Qualche settimana fa, al
Collegio La Salle si è svolta una Settimana di educazione alla cittadinanza
(cui io stesso ho partecipato) chiusa da padre Alex Zanotelli, emblema di un
cristianesimo testimoniale, “de” e “per” gli ultimi, impegnato da anni nelle
battaglie per i beni comuni. Qualche giorno fa, i Focolarini hanno invitato a
dialogare Piero Coda e Vincenzo Vitiello. Il teologo ha sostenuto tesi
estremamente provocatorie, rimarcando come la dimensione “dialogica” interna
alla Trinità preluda ad una civiltà del dialogo e dell’accoglienza; il filosofo
ha aperto a tesi (quella dell’assoluta alterità di Dio) di chiara matrice
barthiana e, in genere, luterana. Fra qualche giorno si svolgerà un seminario,
organizzato da Millennivm (il cui scopo è «la rinascita dei due elementi
fondanti le comunità umane: il Popolo e la Tradizione»), dedicato a Plinio
Corrêa de Oliveira, teologo reazionario, il cui pensiero a Benevento è stato
divulgato da padre Antonio Di Monda (che ho conosciuto e frequentato, grazie a
Mario Pasquariello), la cui eredità teologica viene perpetuata dai molti discepoli
che insegnano nelle scuole e svolgono attività intellettuali. Sullo sfondo
resta, per ora, la traduzione “politica” del cattolicesimo beneventano. Cosa
ben misera appare, se osserviamo il desolante panorama emerso dalle ultime
elezioni amministrative. Ma negli ultimi anni la Chiesa ha rilanciato in grande
stile gli apparati di formazione di un nuovo ceto politico cattolico (in
particolare attraverso le Università Cattoliche), e di questo si parlerà in un
incontro previsto per il 23 marzo.
È possibile
interpretare questi dati? A me pare, e lo dico non da semplice osservatore, ma
sentendomi certo non cattolico, forse neanche cristiano ma sicuramente
“gesuano”, e, dunque, in qualche modo, titolato a parlare “dall’interno” di un
processo di revisione critica dell’identità comunitaria originaria, a me pare,
dicevo che sia in atto uno scontro importante tra due visioni entrambe
“estreme” del cattolicesimo, tra le quali si colloca la consueta “palude” delle
anime pie, dei piolatri, degli acquiescenti, dei farisei. C’è una Benevento
cattolica, più realista del re, che legge ancora De Maistre e se ne entusiasma,
una Benevento senz’altro “docta”, ma anche “assolutista”, priva di dubbi, in
una parola: integralista. Una di queste persone (ma è ovvio che non sto generalizzando),
a me che gli facevo notare che Gesù era ebreo, lasciandomi letteralmente senza
parole, una volta mi disse che per lui il cattolicesimo era la religione
ariana… Fabrizio De Andrè di loro scrisse ne Il testamento di Tito: «Lo
sanno a memoria il diritto divino, e scordano sempre il
perdono». C’è un’altra Benevento, che negli anni passati io ho ammirato
soprattutto in persone come Domenica Zanin. Grazie a sacerdoti coraggiosi come
don Salvatore Soreca questo cattolicesimo può finalmente mettere radici,
sostituendo alle parole della “verità” quelle della “carità”, alle certezze
dogmatiche le contaminazioni e le aperture. Ovviamente, questo è il mio
auspicio. Se ciò accadrà, se la “religione”, ritrovando il suo nucleo
spirituale, tornerà a “rilegare” una comunità non chiusa ma accogliente, dischiusa
all’alterità, tutta la nostra città ne sarà ravvivata, trasfigurata.

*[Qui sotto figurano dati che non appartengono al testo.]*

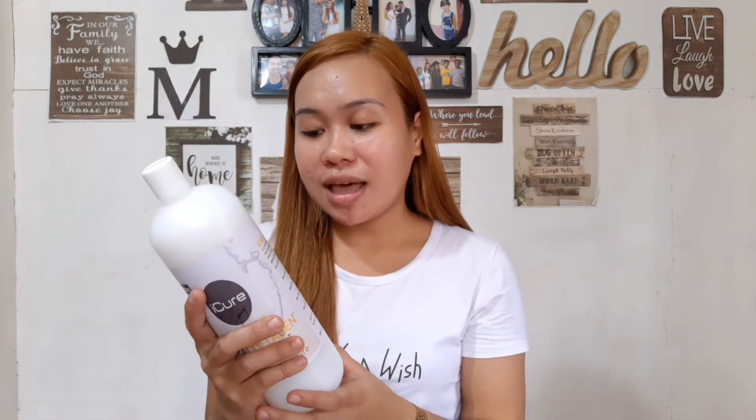I don't know if this is authentic, because I ordered it from Lazada. This iCure Keracollagen Blowout is a revolutionary hair comb reconstructor and volume-reducing treatment that eliminates frizzy hair, leaving it straight, healthy, and shiny for 3 to 4 months.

Jehosua Ben Joseph, lo straordinario predicatore contadino che
annunciava l’imminenza del regno di Dio, nel linguaggio della sua formazione lo
paragonava al granello di senapa. Il cristianesimo, se vissuto integralmente
(non integralisticamente!) può essere il motore di una trasformazione radicale
delle persone e delle comunità. Soprattutto in una realtà come la nostra.